Babi, ular, anjing, kucing, tikus, kelelawar dan beberapa tubuh hewan lain memenuhi meja-meja pasar. Rasa mual spontan hinggap di kepala. Aroma menyengat berhasil menggagalkan rencana saya untuk mendokumentasikan seisi Pasar Tomohon sebagi kenang-kenangan. 
Saya dan tiga teman saya; Memei, Ade dan Lukman, saling pandang dengan kening mengkerut. Seakan tak percaya dengan apa yang ada di hadapan kami. Tapi tak lama kemudian, ditemani supir yang adalah penduduk Manado, mereka dengan gagah memasuki pasar dan mulai memainkan camera smartphone mereka. Aku, sadar dengan kondisi tubuh yang tidak cukup fit, memilih menunggu di luar pasar. Tapi masih cukup jelas untuk menyaksikan apa yang terjadi di Pasar Tomohon pagi itu. Terlalu jelas bahkan.

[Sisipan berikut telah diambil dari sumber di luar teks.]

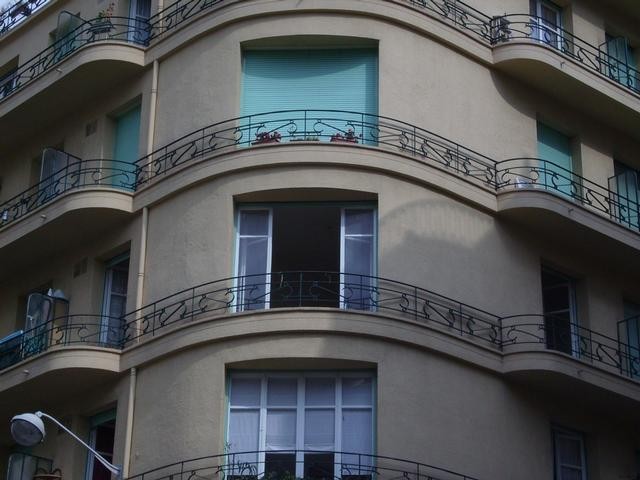 Bijou with balcony close to the..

Tidak jauh dari posisi saya berdiri, kira-kira 3 meter, seorang pemuda berotot terlihat berlumuran darah. Tangan kanannya menggenggam kapak yang seluruhnya dipenuhi darah, lendir dan sisa-sisa kecil potongan daging. Sadar dengan keberadaan saya yang beda diantara semua pengunjung pasar, dia senyum dan menawarkan diri untuk difoto. Saya mendekat. Dia meraih seekor anjing yang sudah kaku dan gosong seraya menyodorkannya ke arah saya. Dan jepret.

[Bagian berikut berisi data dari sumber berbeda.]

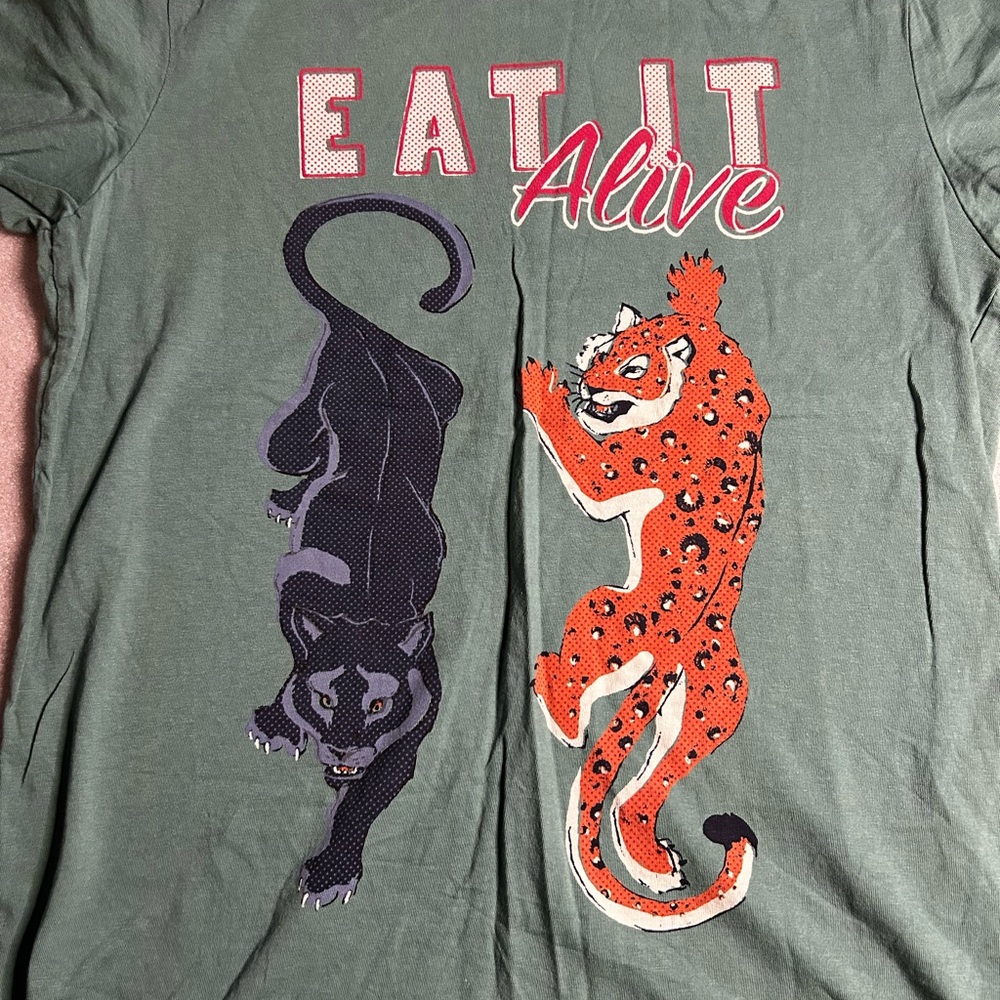Eat it alive shirt medium panther tiger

"Sudah Mas, makasih yaaaa."
"Sama-sama", balasnya dengan senyum manis. 
Senyum dan otot pemuda itu mengingatkan saya pada instruktur-instruktur saya di gym. Hanya saja mereka tidak setragis pria Tomohon ini.
Saya mundur lagi ke posisi saya semula, merapat di bawah payung nesar penjual sayur. Pemuda tadi berbalik badan masuk ke dalam pasar. Beberapa menit kemudian kembali dengan menyeret sebuah keranjang berisi 2 ekor anjing. 

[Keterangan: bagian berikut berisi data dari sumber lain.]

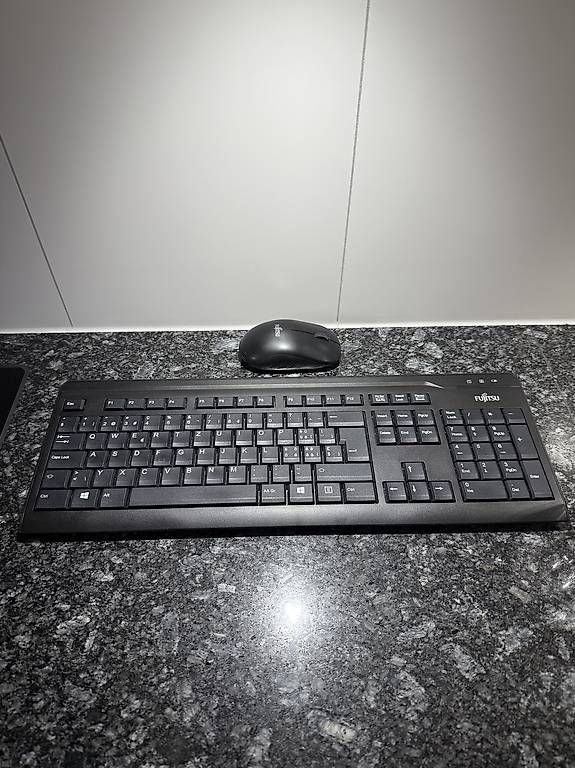 Tastiere: Kabellose Tastatur und Maus – Usato da Thun venduto da tat_wg9t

"Mungkin itu stok buat disembelih besok", pikirku.
Di luar dugaan. Pemuda itu membuka penutup atas keranjang dan dengan sigap menghantam kepala salah satu anjing dengan sebuah kapak. Si anjing masih berusaha bangun dengan teriakan melengking berkali-kali. Tapi Si pemuda beorotot tak menyerah, diulangnya hantaman kedua, ketiga dan keempat sampai tubuh anjing itu terkapar. Bunyi keras hantaman besi ke tulang tengkorak dan pekikan anjing itu membuat saya menciut di pojok pasar Tomohon. 
Tubuh anjing itu masih terlihat megap-megap. Saya melihat si pemuda tadi meraih selang dan menyulutnya. Dengan sigap dia memainkan ujung selang yang kini mengeluarkan api ke sekujur tubuh anjing. Tak butuh waktu lama, anjing yang tadi berwarna coklat terang kini berubah hitam dan kaku. 
Di dalam keranjang, seekor anjing lain terlihat menciut sambil sesekali mengelurkan pekikan yang lagi-lagi tidak mirip suara anjing. Atau memang begitu pekikan anjing, entahlah.
Merasa cukup dengan pemandangan di Pasar Tomohon pagi itu, kami balik badan melanjutkan perjalanan, menikmati sisi lain Kota Tomohon. Rasa lapar karena tak sempat sarapan seketika hilang. Kami memutuskan singgah di sebuah mesjid, untuk bersih-bersih. Di sana, kami menghabiskan sedikit waktu berbincang dengan pengelola mesjid yang juga difungsikan sebagai sekolah bagi Muslim. Mesjid Al Mujahidin namanya, adalah satu-satunya mesjid di Kota Tomohon yang juga difungsikan sebagai Islamic Center bagi warganya Kota Tomohon yang hanya 10% beragama Islam.
Kami mencoba segenap usaha melupakan pemandangan di pasar Tomohon. Sialnya, Memei tak henti-hentinya mengaduh. Memei ingin segera tiba di rumah dan memeluk kucingnya.